The HSTA did not disclose its salary proposal.
The union also complained that the state’s offer did not include relief from the current 41 percent share that most teachers currently pay for health insurance premiums, which are rising. The HSTA is proposing to reduce the teachers’ share to 25 percent.
The HSTA bargaining team met with state negotiators for six hours Thursday in their fourth bargaining session on Oahu. The next negotiating session is set for Feb. 23, according to the communication. The current contract expires June 30.
The HSTA also is proposing to move away from the connection of teacher evaluations to compensation for all teachers. The union proposes going back to the former terms where only step movements are connected to a positive evaluation.

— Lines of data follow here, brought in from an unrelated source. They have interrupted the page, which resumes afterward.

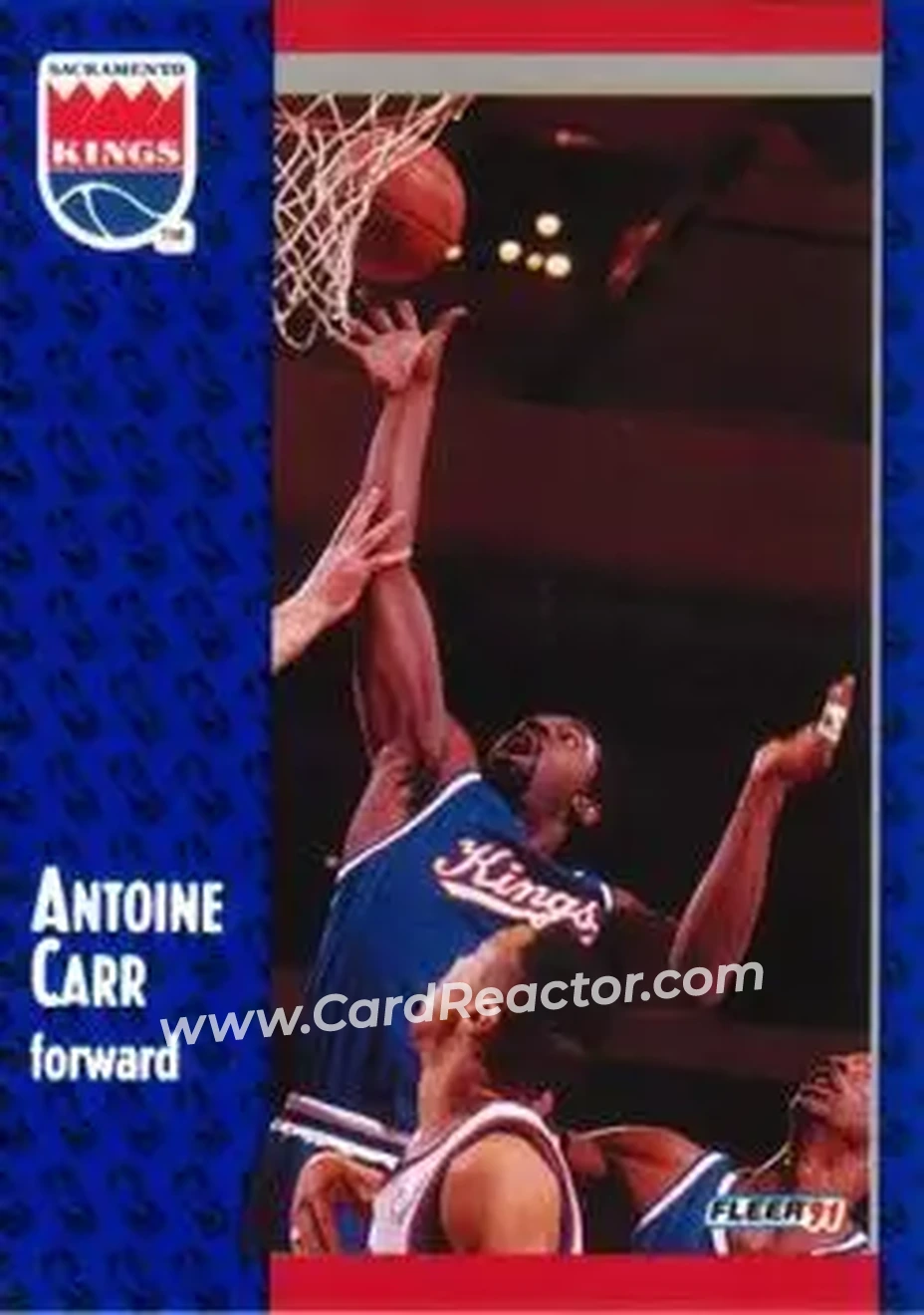 1991-92 Fleer #174 - Antoine Carr - Sacramento Kings - Front
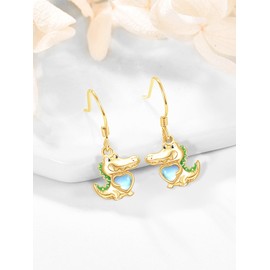 Dreamboat Alligator Crocodile Dangle Drop Earrings for Women 925 Sterling Silver Gold Plated Moonstone Gator Hook Animal Jewelry Gifts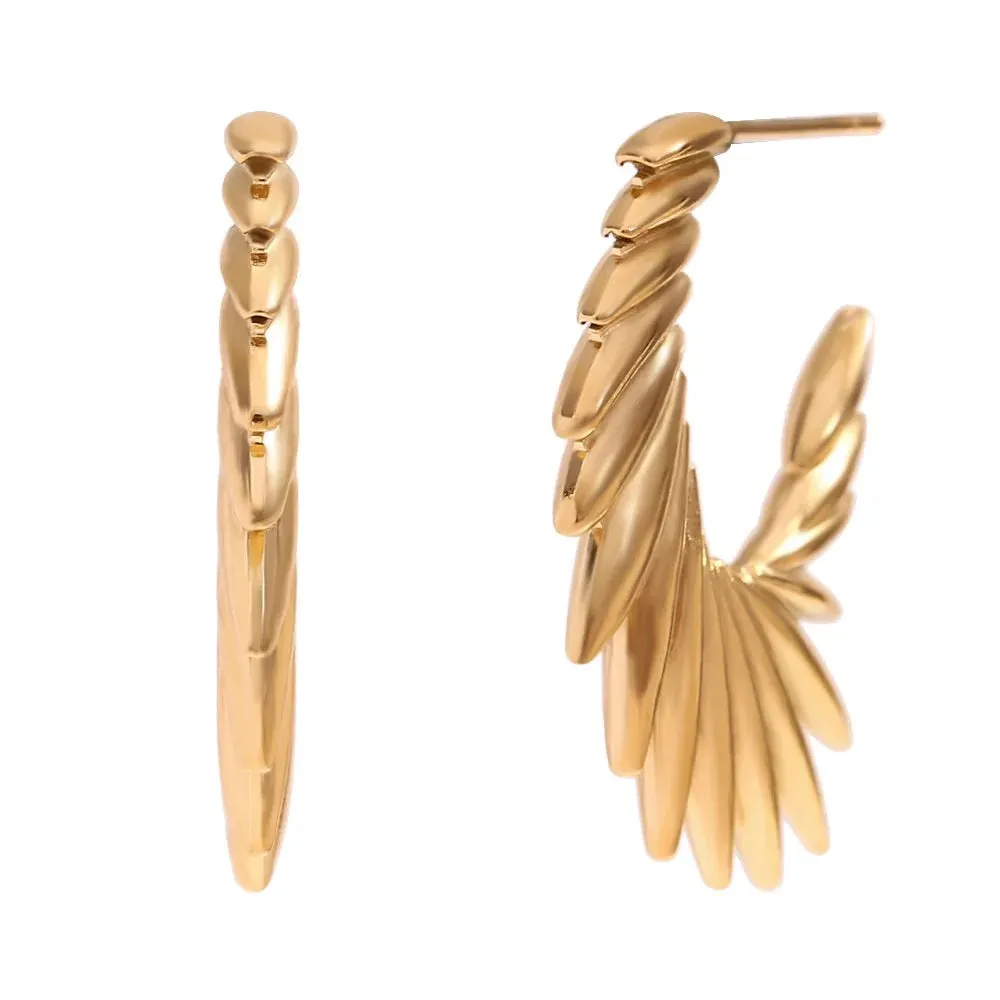 Boho & Mala Stainless Steel / Gold Plated Fan Hoop Earrings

Other changes sought include adjustments to per diem payments, making it more equitable for Neighbor Island teachers who travel; increasing family leave benefits; and increasing the compensation for teachers in charge.
The HSTA also seeks more stringent accounting for public charter schools, calling for supplemental pay, bonuses and differentials to be funded as line items.
The union cited the teacher shortage, a $1 billion state surplus and teacher salaries that are $4,000 to $25,000 less annually than their Mainland counterparts in its call for a better contract.
A march on the state Capitol is planned for Feb. 13, Teacher Institute Day on Oahu, to demand a better contract, Rosenlee said.
No one at Gov. David Ige’s office was available to comment on the negotiations Thursday evening.